++++ Source records ++++

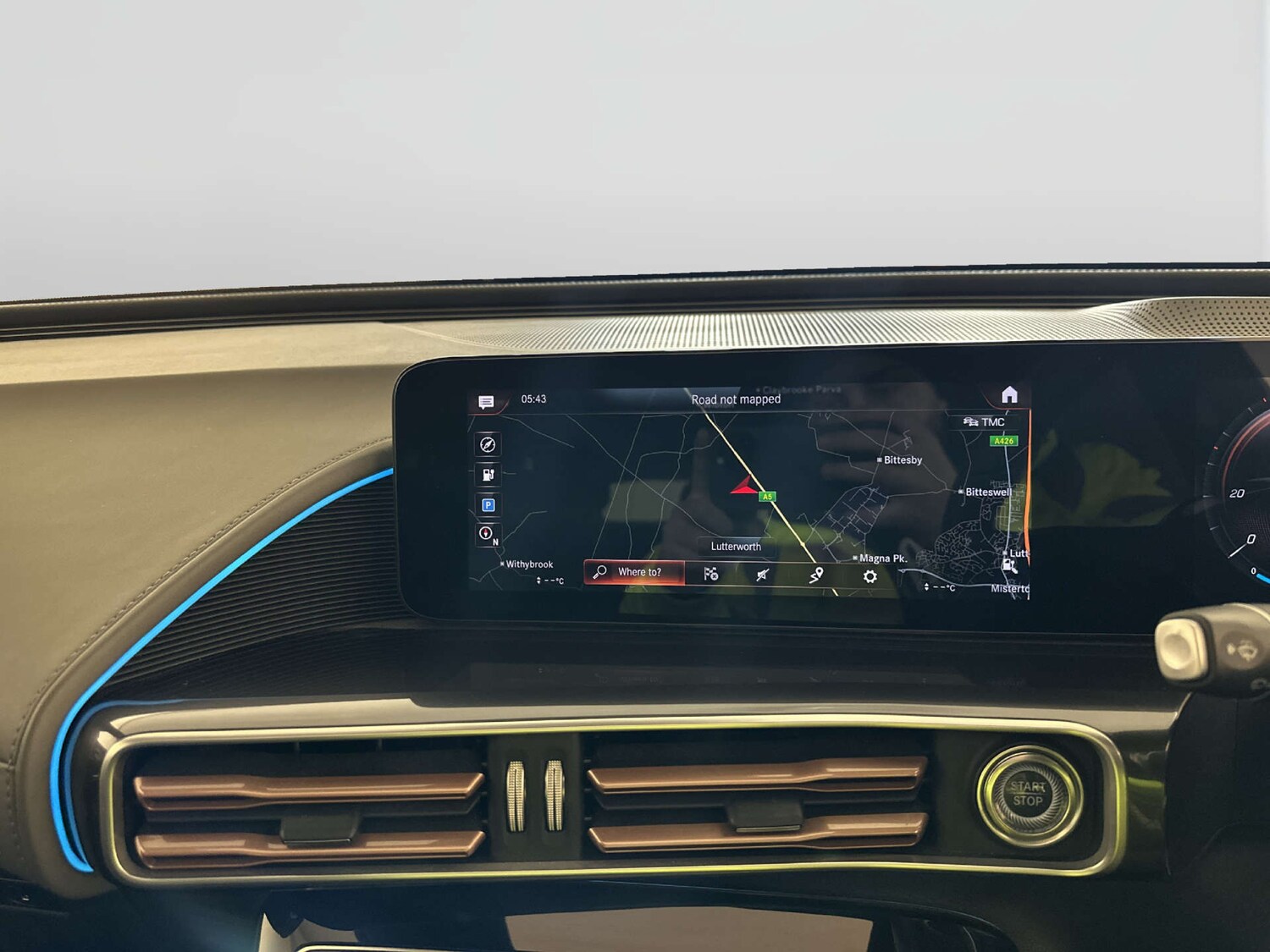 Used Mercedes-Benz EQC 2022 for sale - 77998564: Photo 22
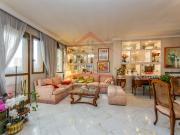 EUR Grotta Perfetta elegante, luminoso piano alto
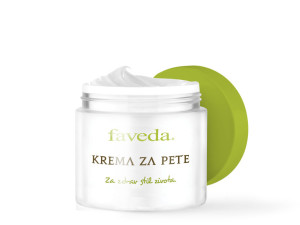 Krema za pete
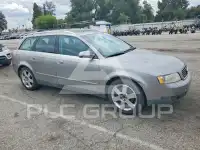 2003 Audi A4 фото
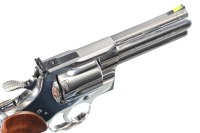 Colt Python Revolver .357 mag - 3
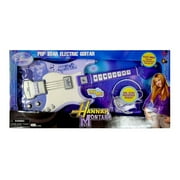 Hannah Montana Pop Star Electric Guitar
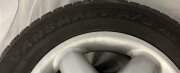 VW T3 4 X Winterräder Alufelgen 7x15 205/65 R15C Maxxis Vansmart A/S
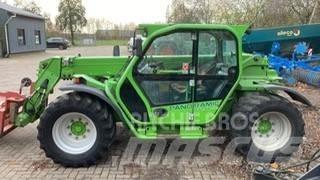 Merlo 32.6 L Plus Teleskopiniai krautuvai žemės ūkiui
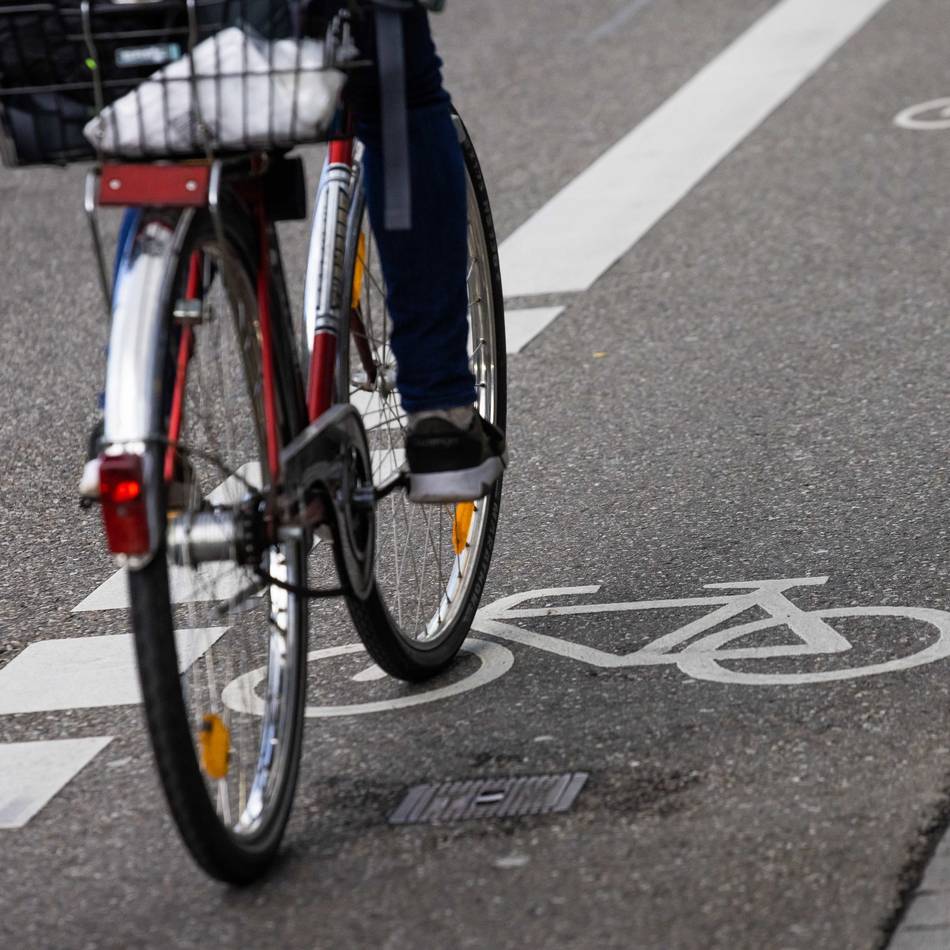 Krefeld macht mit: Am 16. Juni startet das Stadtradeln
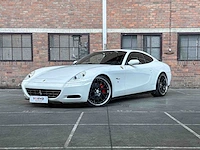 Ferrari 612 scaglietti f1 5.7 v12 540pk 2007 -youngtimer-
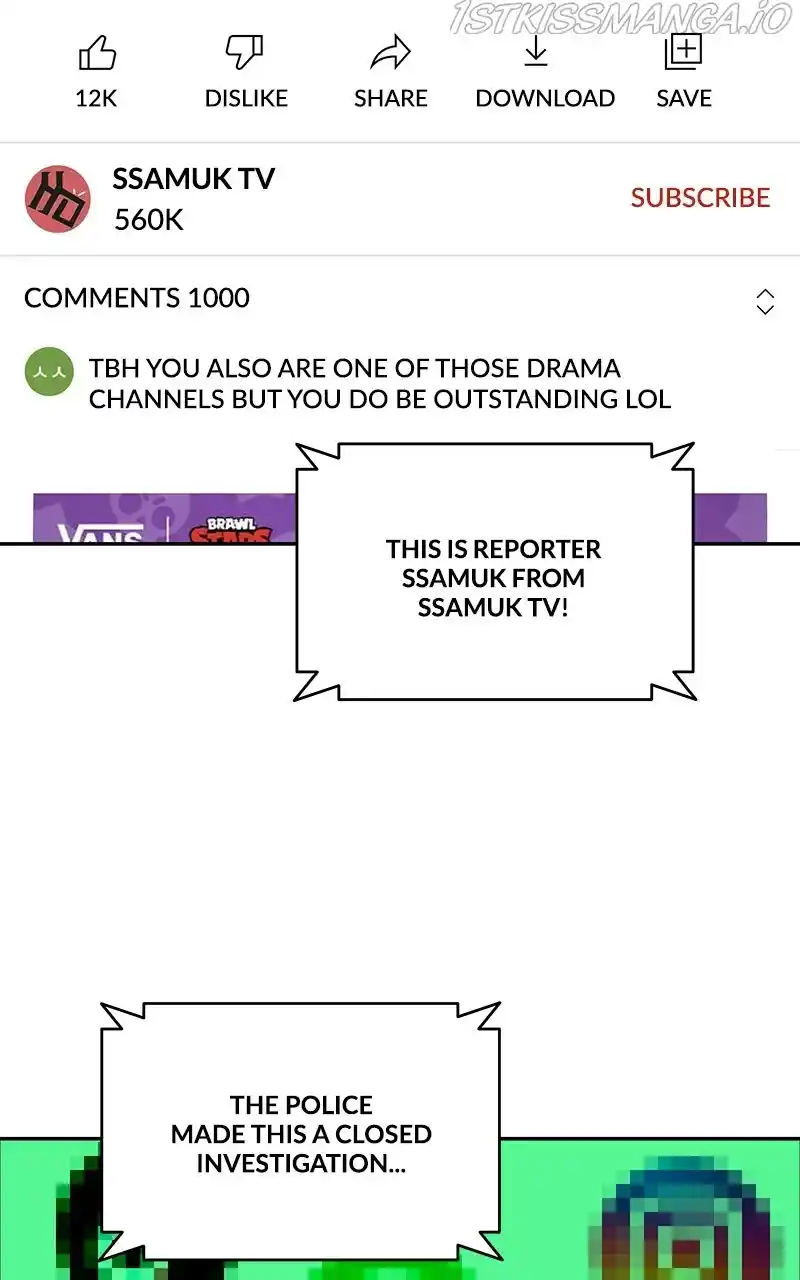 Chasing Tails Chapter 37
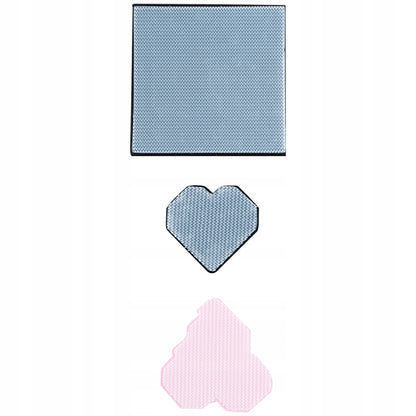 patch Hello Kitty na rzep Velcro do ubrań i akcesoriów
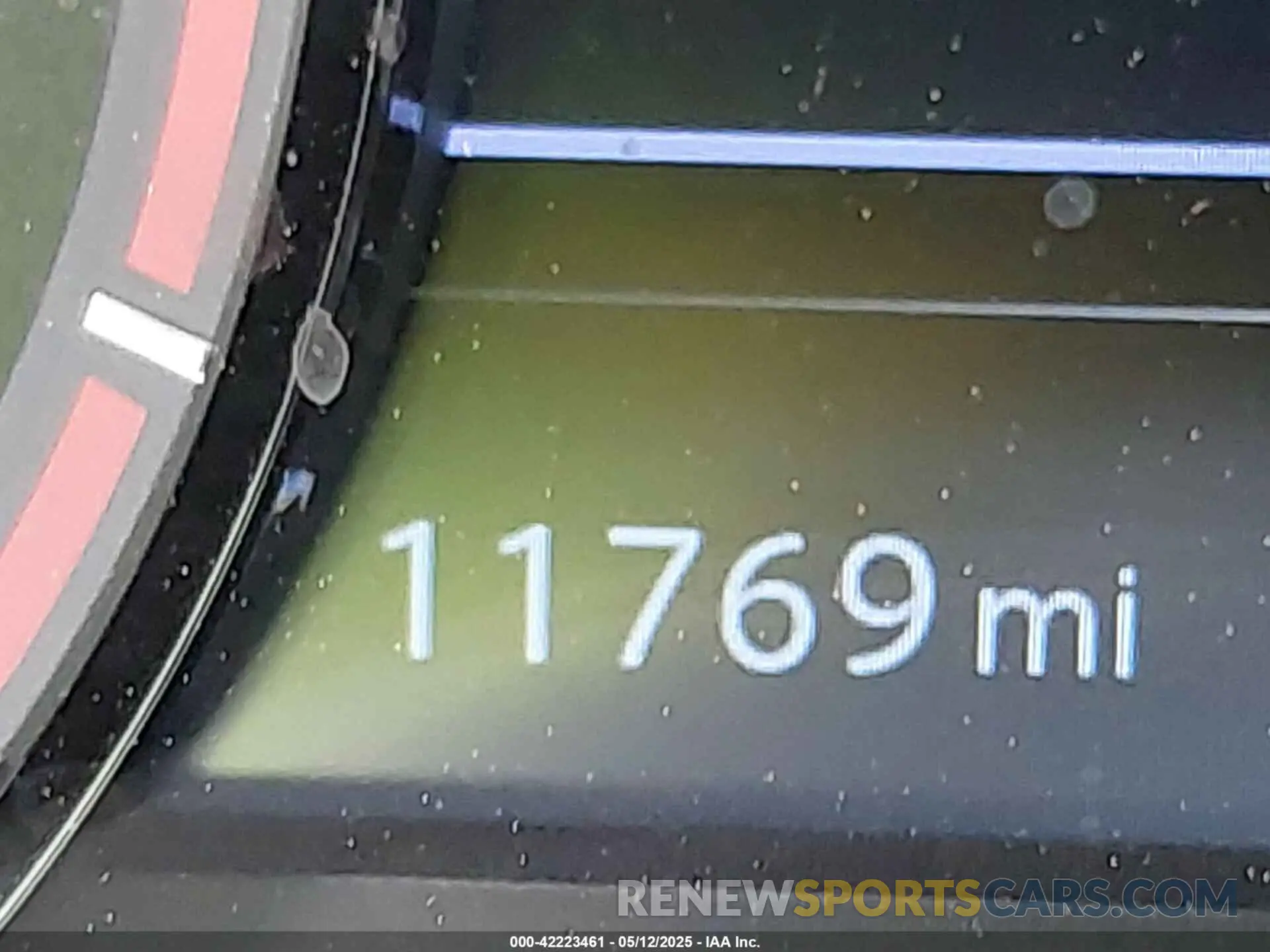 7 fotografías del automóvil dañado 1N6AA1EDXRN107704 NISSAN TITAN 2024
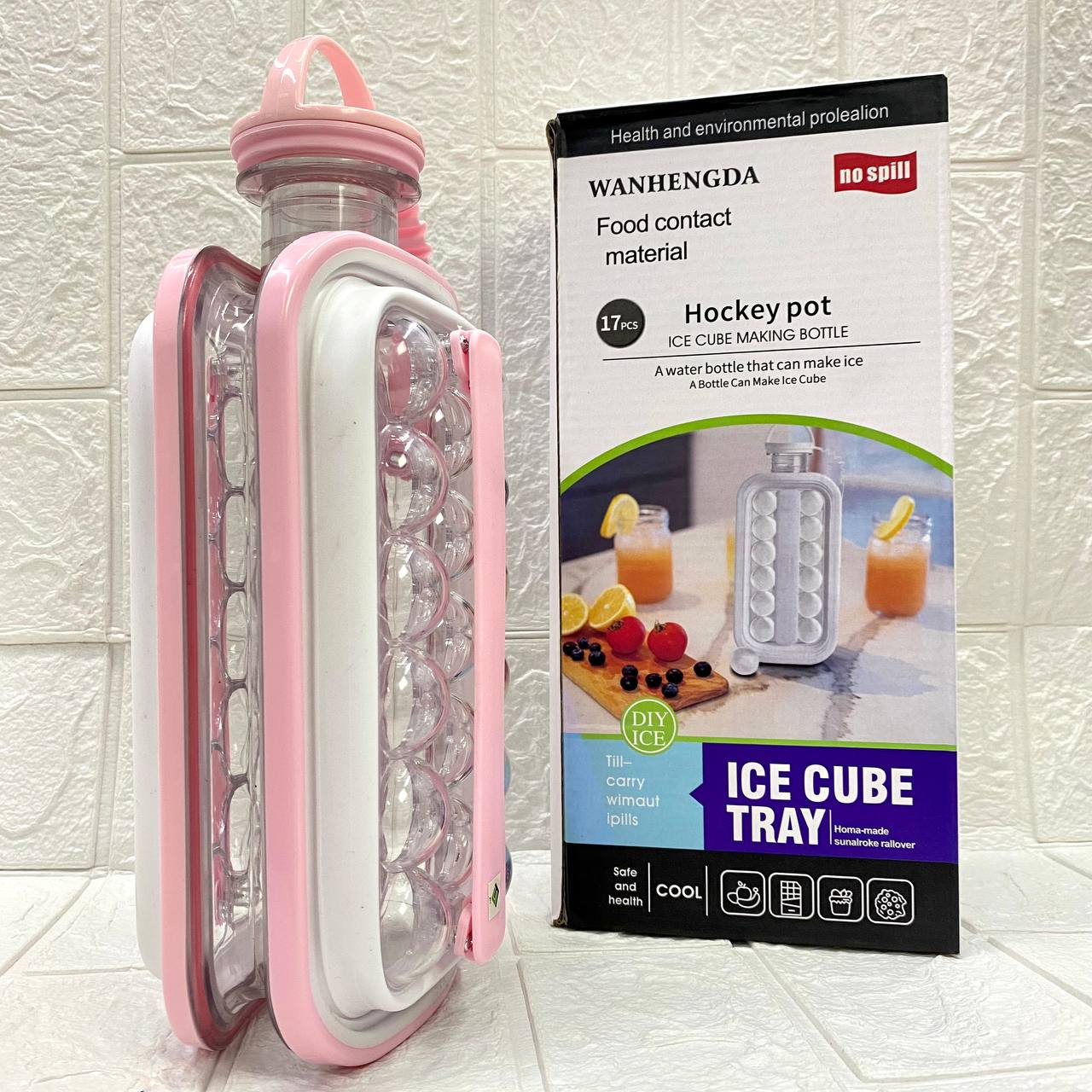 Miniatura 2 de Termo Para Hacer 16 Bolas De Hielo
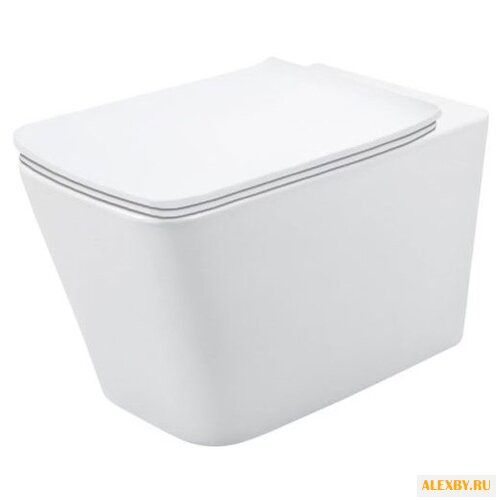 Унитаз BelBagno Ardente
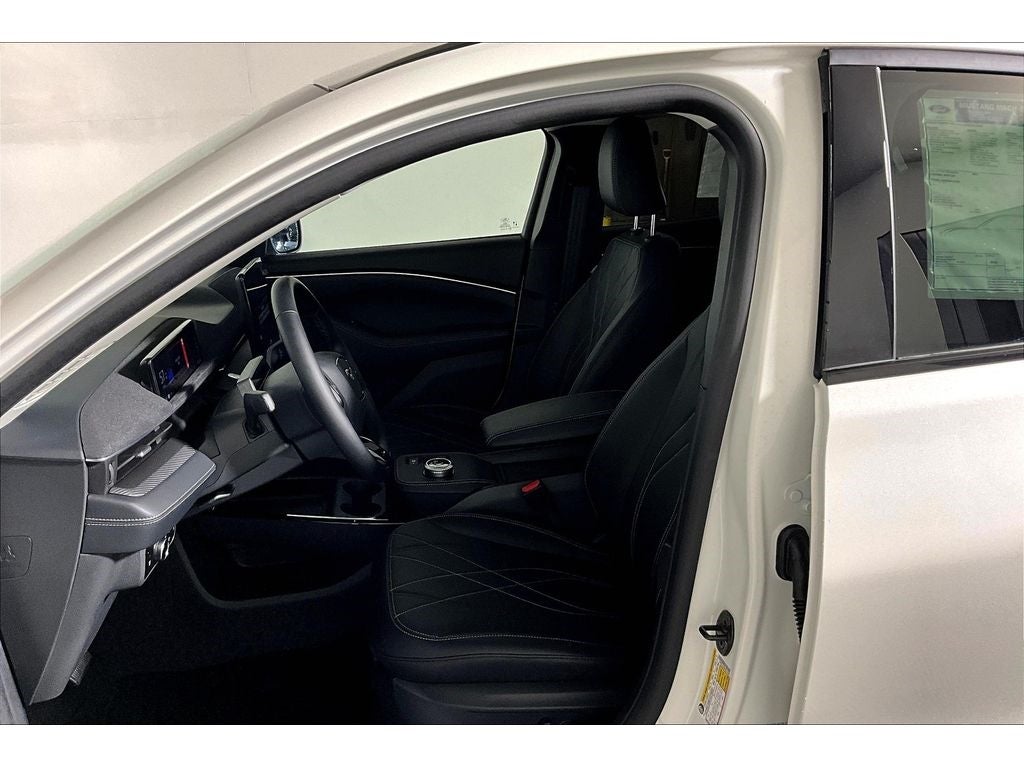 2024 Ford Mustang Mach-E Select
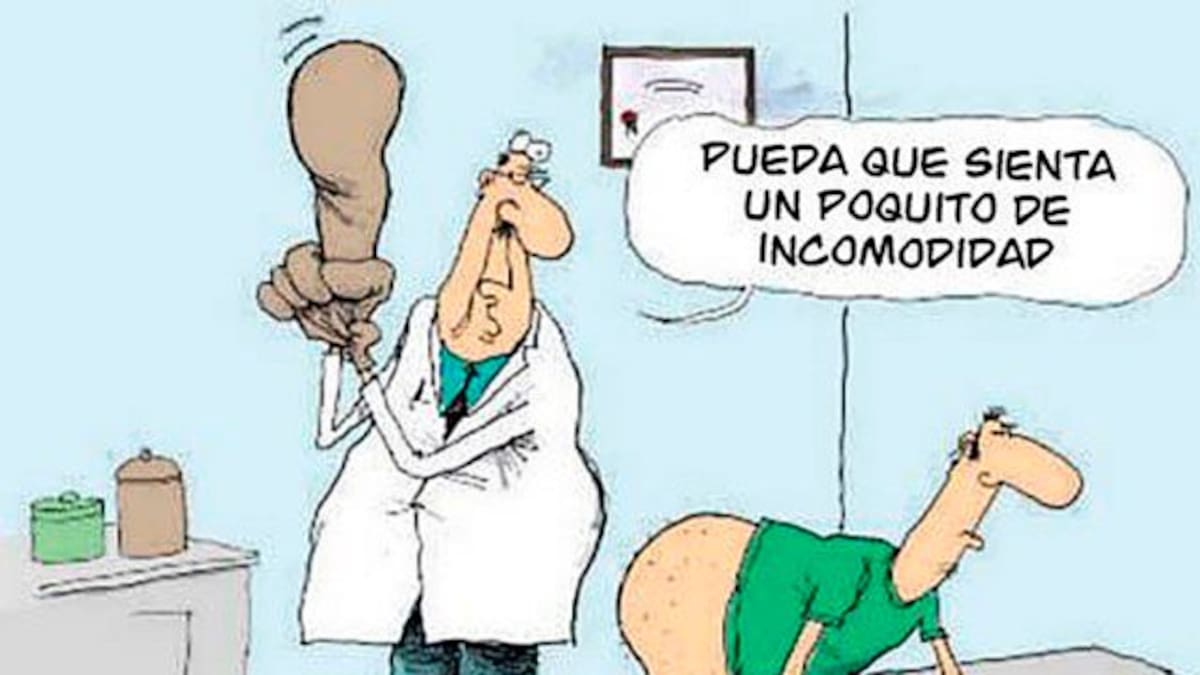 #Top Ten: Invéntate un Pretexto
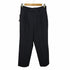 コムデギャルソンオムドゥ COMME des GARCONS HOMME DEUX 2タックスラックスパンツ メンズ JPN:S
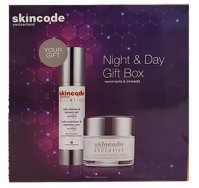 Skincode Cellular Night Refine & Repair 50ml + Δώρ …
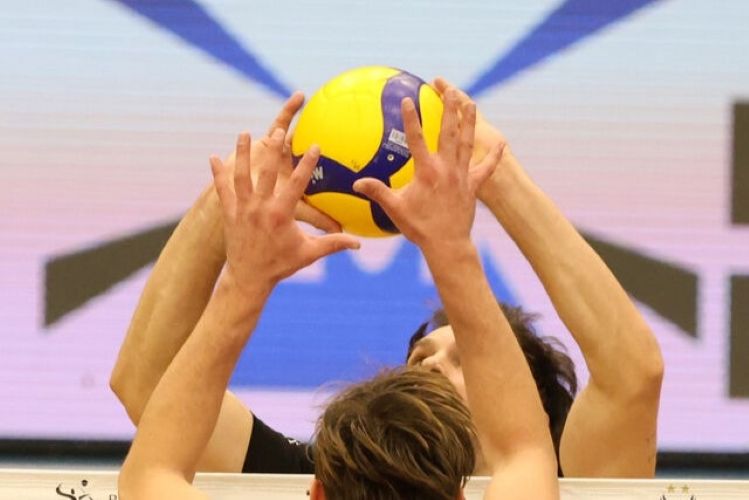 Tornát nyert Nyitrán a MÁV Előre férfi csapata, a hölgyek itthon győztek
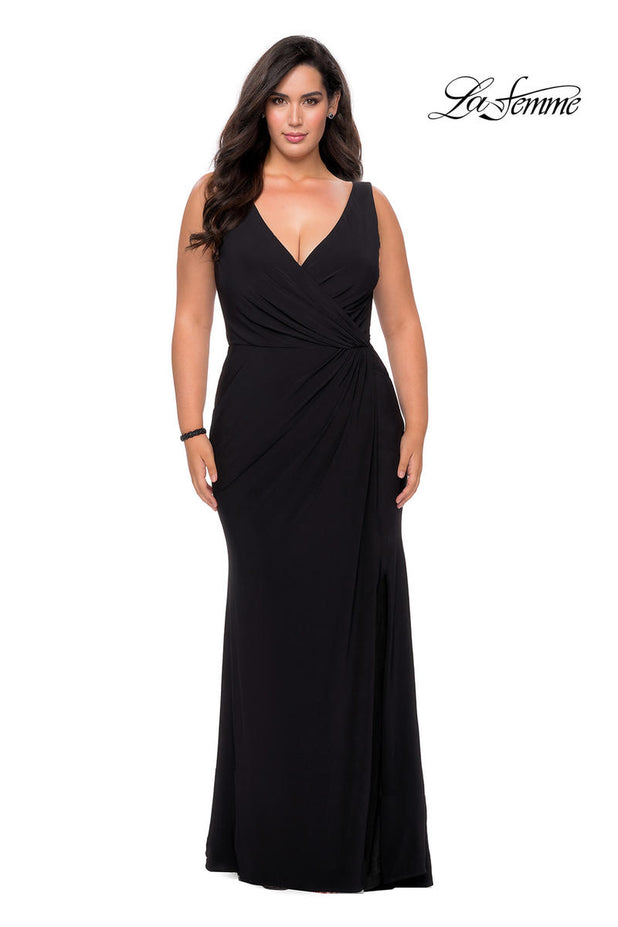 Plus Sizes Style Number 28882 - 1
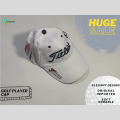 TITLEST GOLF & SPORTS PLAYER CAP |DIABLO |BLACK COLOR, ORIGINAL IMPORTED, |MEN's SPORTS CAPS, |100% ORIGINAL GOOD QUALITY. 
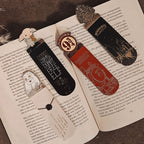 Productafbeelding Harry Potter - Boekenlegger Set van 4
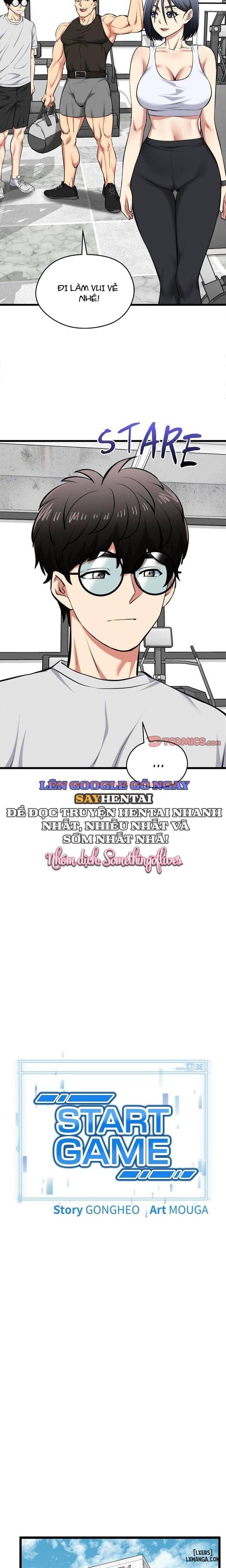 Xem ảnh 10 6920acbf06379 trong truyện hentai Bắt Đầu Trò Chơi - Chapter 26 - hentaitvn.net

++++

Your assignment: Please copy only the lines from the one that contains "Skincode Cellular Night" through the last line of the records, exactly, and keep every picture out of the copy.

Solution below:
 Skincode Cellular Night Refine & Repair 50ml + Δώρ …
 Tornát nyert Nyitrán a MÁV Előre férfi csapata, a hölgyek itthon győztek
 Plus Sizes Style Number 28882 - 1
 TITLEST GOLF & SPORTS PLAYER CAP |DIABLO |BLACK COLOR, ORIGINAL IMPORTED, |MEN's SPORTS CAPS, |100% ORIGINAL GOOD QUALITY. 
 Productafbeelding Harry Potter - Boekenlegger Set van 4
 Xem ảnh 10 6920acbf06379 trong truyện hentai Bắt Đầu Trò Chơi - Chapter 26 - hentaitvn.net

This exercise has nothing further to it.